If you've followed the directions above or joined us live, you now have MongoDB and the Mongo Shell installed on your computer. Great! That means that you can create collections and documents on your own computer. It also means you have the tools necessary to connect to instances of MongoDB running elsewhere. That's great news, because we'll be running our Mongo instance in the cloud.
Atlas instances are known as clusters. They live on 1 of 3 cloud hosting providers: AWS, Google Cloud, or Microsoft Azure.

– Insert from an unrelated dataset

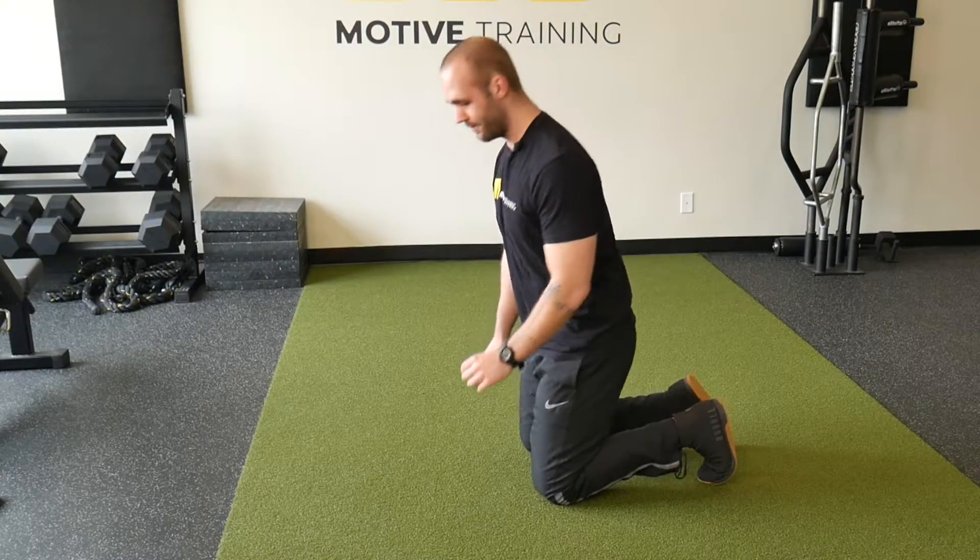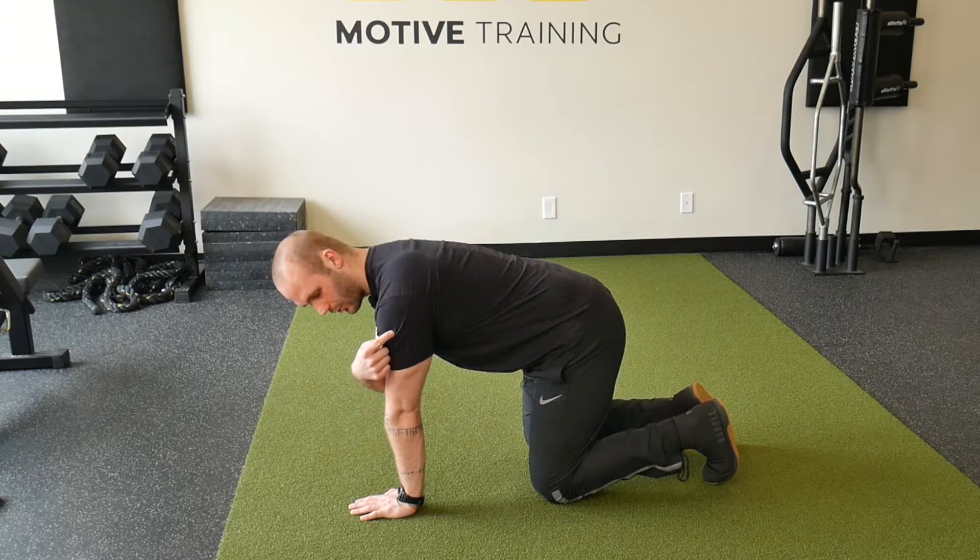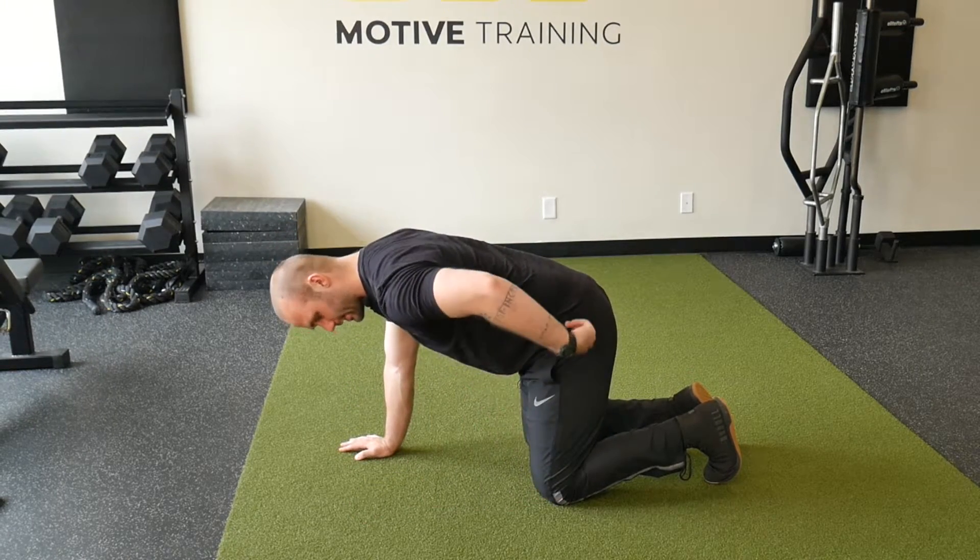To get into position, we will want our hands stacked under our shoulders and our knees stacked under our hips.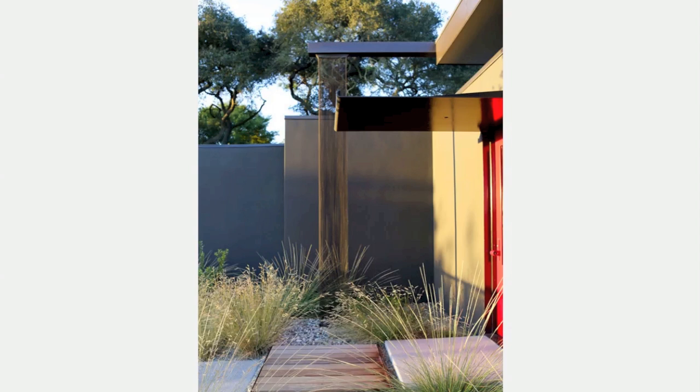Case in point, the inventive use of metal mesh as a rain chain here. It appears almost like a perpetual stream of cascading water.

We'll be following the getting started documentation from Atlas closely, so have it open in another tab. Make sure you've followed the steps there, including:
- Deploy a Free Tier Cluster
- Whitelist Your Connection IP Address
- Create a MongoDB User
- Insert Data into Your Cluster
From there, we are ready to actually work with data. In the last step, we've populated our cluster with several sample databases we can use to explore how Mongo works. Since we've already installed Mongo Shell (right?), we can move on to connecting to our cluster.
From the Clusters section of the Atlas dashboard, click the Connect button to access the full command-line string to connect to your cluster from the terminal. Copy/paste into a Terminal window on your computer. It'll look something like:
mongo "mongodb+srv://cluster0-chphg.mongodb.net/test" --username <your-user-here>
Once you've authenticated, you'll see a long prompt that looks something like:
MongoDB Enterprise Cluster0-shard-0:PRIMARY>
We're finally ready to look at some data!
The organization of a MongoDB cluster goes:
- Cluster
- Database
- Collection
- Document
- Collection
- Database
We're already in our cluster, but we have multiple databases to choose
from. Let's list them out by typing show dbs
and pressing Enter.
You'll see those sample datasets we've loaded. Let's start simple with the
sample_supplies
database. Select it by typing use sample_supplies
.
We're now set to use the sample_supplies
database, which will contain
a unique set of collections. As the help
command will reveal (at any
time), show collections
will list a database's collections, once you've
selected a database. Doing so reveals a sales
collection. To see what we
have in there, we are going to query the collection for all its records.
This is where our commands start to look like JavaScript:
db.sales.find()
As you'll see, we get TOO MUCH DATA back. That's not at all helpful. So instead, let's just look at a single record to understand what documents in this collection look like.
db.sales.findOne()
This helper method returns only a single document for a query. I feel compelled to mention that this is a shortcut for the following command:
db.sales.find().limit(1).pretty()
The limit()
function modifies the query result from find()
and truncates it after the given number of documents. If you've done some JavaScript, this concept of function chaining should be rather familiar.
pretty()
makes the BSON result of our query human-readable. Scroll up to
the top of this document to begin exploring its contents.
To start, we see a "_id"
key. The value is of type ObjectId
, and it's
a crazy series of letters and numbers. This id is unique to the document,
and every document has one. Why not just a simple integer? For one thing,
to prevent collisions—accidental identical Ids. For another,
non-sequential ids make it harder for nefarious types to guess at ids and
attempt to gain access to data they shouldn't have.
After the "_id"
is a "salesDate"
of type ISODate
. While this is
represented as a string here, this is in fact a Date
object with
associated methods, like getMonth()
.
The next top-level key of our document is items
. The []
surrounding
the value indicate this is an Array
. Each element of the array is
a sub-document, representing a component of the sale.
Beneath this large array, we see other keys for storeLocation
,
customer
, couponsUsed
, and purchaseMethod
.
When we make a new document in the sales
collection, all these keys
should be present. Now, we likely wouldn't manually produce such
a document; instead, our application would connect multiple data
components from a user interface or point-of-sale terminal to create this
document.
In our next Unit, we'll get busy making our own collections and performing more advanced queries.